> _WHAT IS BEING ASKED_
Please transcribe the data that follows exactly, from its first line through the line that contains "Moscow Russia Kubinka".

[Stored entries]
------------------------------------

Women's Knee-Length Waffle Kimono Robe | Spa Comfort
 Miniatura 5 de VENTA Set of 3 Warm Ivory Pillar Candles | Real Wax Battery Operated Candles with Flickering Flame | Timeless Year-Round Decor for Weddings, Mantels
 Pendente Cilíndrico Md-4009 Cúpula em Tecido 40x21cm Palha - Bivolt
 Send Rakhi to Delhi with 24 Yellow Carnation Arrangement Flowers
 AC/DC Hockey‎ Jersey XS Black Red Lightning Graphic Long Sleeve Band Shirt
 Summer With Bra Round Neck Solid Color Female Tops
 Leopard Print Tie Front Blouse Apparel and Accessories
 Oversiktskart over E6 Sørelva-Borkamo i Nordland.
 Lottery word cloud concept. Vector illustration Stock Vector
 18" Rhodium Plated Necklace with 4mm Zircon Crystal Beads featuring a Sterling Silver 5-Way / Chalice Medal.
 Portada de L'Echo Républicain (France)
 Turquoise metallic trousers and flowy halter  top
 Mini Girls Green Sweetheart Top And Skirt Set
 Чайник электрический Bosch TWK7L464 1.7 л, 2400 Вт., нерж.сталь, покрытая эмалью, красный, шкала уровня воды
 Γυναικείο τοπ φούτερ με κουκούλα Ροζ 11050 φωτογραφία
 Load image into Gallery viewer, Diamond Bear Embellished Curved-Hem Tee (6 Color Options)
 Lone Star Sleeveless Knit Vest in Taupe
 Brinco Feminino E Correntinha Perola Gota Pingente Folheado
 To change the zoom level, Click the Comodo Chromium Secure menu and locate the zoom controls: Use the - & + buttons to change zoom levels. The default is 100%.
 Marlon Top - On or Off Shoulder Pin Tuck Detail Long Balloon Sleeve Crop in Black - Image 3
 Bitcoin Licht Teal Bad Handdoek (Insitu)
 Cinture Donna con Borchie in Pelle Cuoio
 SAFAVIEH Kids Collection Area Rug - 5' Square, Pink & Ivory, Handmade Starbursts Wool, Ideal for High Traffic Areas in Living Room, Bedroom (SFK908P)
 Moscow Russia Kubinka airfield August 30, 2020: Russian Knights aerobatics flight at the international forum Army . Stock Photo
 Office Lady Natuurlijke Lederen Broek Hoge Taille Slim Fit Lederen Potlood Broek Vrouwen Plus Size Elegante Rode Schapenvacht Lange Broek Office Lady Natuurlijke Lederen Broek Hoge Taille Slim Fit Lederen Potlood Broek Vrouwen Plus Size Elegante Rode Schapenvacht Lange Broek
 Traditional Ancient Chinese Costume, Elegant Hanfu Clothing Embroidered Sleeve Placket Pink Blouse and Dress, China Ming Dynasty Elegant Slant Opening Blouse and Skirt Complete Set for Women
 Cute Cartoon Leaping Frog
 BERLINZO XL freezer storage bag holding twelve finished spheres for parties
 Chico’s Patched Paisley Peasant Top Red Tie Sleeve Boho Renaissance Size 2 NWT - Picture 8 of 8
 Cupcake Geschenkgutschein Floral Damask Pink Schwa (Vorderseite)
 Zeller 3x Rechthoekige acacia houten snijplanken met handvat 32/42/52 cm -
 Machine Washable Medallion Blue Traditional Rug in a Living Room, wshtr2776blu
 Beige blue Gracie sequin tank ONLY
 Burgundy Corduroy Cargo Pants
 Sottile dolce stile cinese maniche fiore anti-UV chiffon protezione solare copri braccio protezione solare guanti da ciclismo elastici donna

------------------------------------

> _RESPONSE TO THE EXERCISE_
Women's Knee-Length Waffle Kimono Robe | Spa Comfort
 Miniatura 5 de VENTA Set of 3 Warm Ivory Pillar Candles | Real Wax Battery Operated Candles with Flickering Flame | Timeless Year-Round Decor for Weddings, Mantels
 Pendente Cilíndrico Md-4009 Cúpula em Tecido 40x21cm Palha - Bivolt
 Send Rakhi to Delhi with 24 Yellow Carnation Arrangement Flowers
 AC/DC Hockey‎ Jersey XS Black Red Lightning Graphic Long Sleeve Band Shirt
 Summer With Bra Round Neck Solid Color Female Tops
 Leopard Print Tie Front Blouse Apparel and Accessories
 Oversiktskart over E6 Sørelva-Borkamo i Nordland.
 Lottery word cloud concept. Vector illustration Stock Vector
 18" Rhodium Plated Necklace with 4mm Zircon Crystal Beads featuring a Sterling Silver 5-Way / Chalice Medal.
 Portada de L'Echo Républicain (France)
 Turquoise metallic trousers and flowy halter  top
 Mini Girls Green Sweetheart Top And Skirt Set
 Чайник электрический Bosch TWK7L464 1.7 л, 2400 Вт., нерж.сталь, покрытая эмалью, красный, шкала уровня воды
 Γυναικείο τοπ φούτερ με κουκούλα Ροζ 11050 φωτογραφία
 Load image into Gallery viewer, Diamond Bear Embellished Curved-Hem Tee (6 Color Options)
 Lone Star Sleeveless Knit Vest in Taupe
 Brinco Feminino E Correntinha Perola Gota Pingente Folheado
 To change the zoom level, Click the Comodo Chromium Secure menu and locate the zoom controls: Use the - & + buttons to change zoom levels. The default is 100%.
 Marlon Top - On or Off Shoulder Pin Tuck Detail Long Balloon Sleeve Crop in Black - Image 3
 Bitcoin Licht Teal Bad Handdoek (Insitu)
 Cinture Donna con Borchie in Pelle Cuoio
 SAFAVIEH Kids Collection Area Rug - 5' Square, Pink & Ivory, Handmade Starbursts Wool, Ideal for High Traffic Areas in Living Room, Bedroom (SFK908P)
 Moscow Russia Kubinka airfield August 30, 2020: Russian Knights aerobatics flight at the international forum Army . Stock Photo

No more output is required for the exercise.